Summer Camp

Day 1, and already I forgot to feed the dog.

That’s what you get for teaching your children to take care of the family pet. When they leave for camp, the poor thing gets ignored.

“Are you going on vacation while the kids are away?” friends and neighbors ask.  “A romantic getaway?”

“Better,” I reply. “I’m going to work as much as possible.”

Blank stares. Nervous giggles.

“And spend time with my husband,” I assure them. (I wouldn’t want them to worry.) “Late dinners. Lots of late dinners.”

If you are the female half of a two-working-parent household, especially of the writer/artist/work at home/business owner persuasion, you know what I mean.  If you rise at 5 a.m. to run or do yoga because when else would you squeeze in a round of exercise, you get it.

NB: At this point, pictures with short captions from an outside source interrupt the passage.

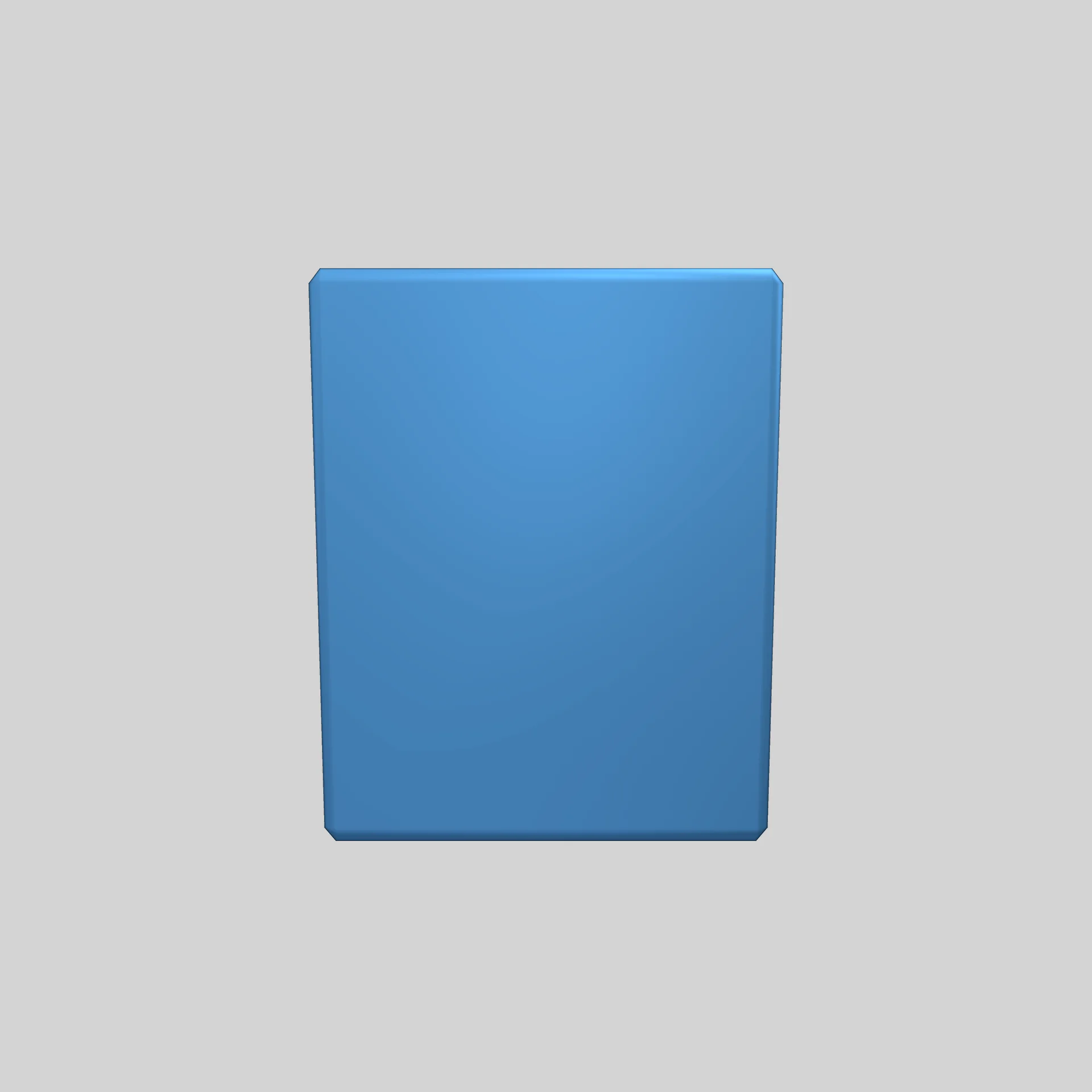 Elegoo Centauri Carbon Purge / Poop Bin - Узкая версия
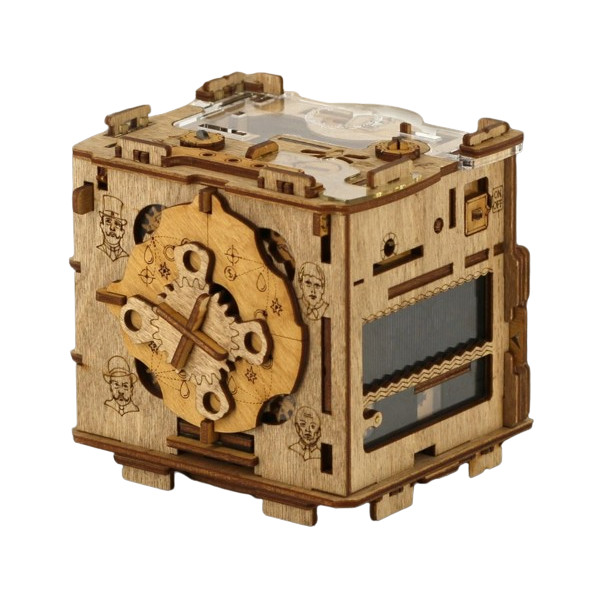 Casse Tête Cluebox Sherlock's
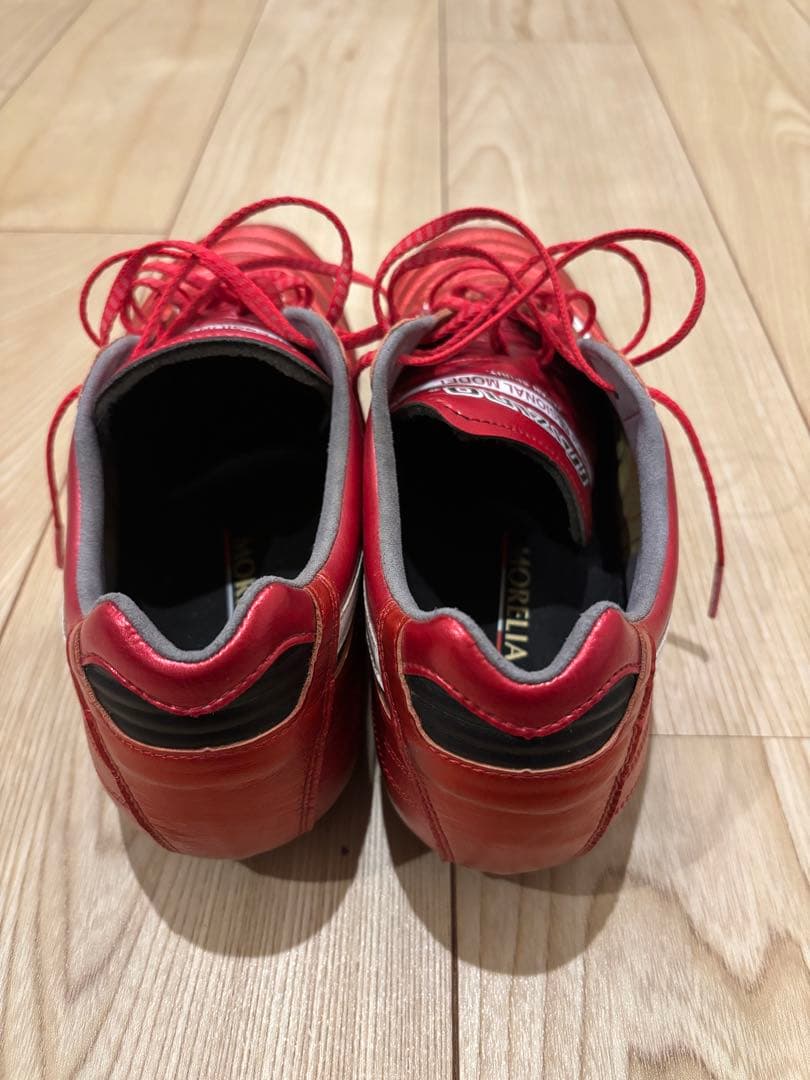 【Samuraiさん専用】モレリア2JAPAN ルビーレッド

If you have ever thrown in a load of laundry between client calls. Or set a timer during a staff meeting to remind you to put the challah in the oven.

If you have ever ordered manga comics for your son at camp, swapping browser tabs between Amazon and the registration for a webinar you’re running on Thursday. Or put the finishing touches on your company’s cash flow analysis while the nine-year-old explored Google Earth next to you, you get it.

Because that’s what my days look like.Susan's desk

I wouldn’t trade the kids or the dog or the laundry (maybe the laundry) or the challah. And I wouldn’t trade the company or the business partnership with one of my dearest friends. I wouldn’t trade the chaos of post-its and a foam cupcake and a pair of paperclips and hair clips and bar mitzvah notes all over my desk.

Because I’ve never found work as satisfying as this. Because nothing in my life is where I left it yesterday.

Which is why ten empty days without young interruptions sounds so appealing.

Sure I’ll miss them. But not yet.

If I can only remember to feed the dog, all will be well.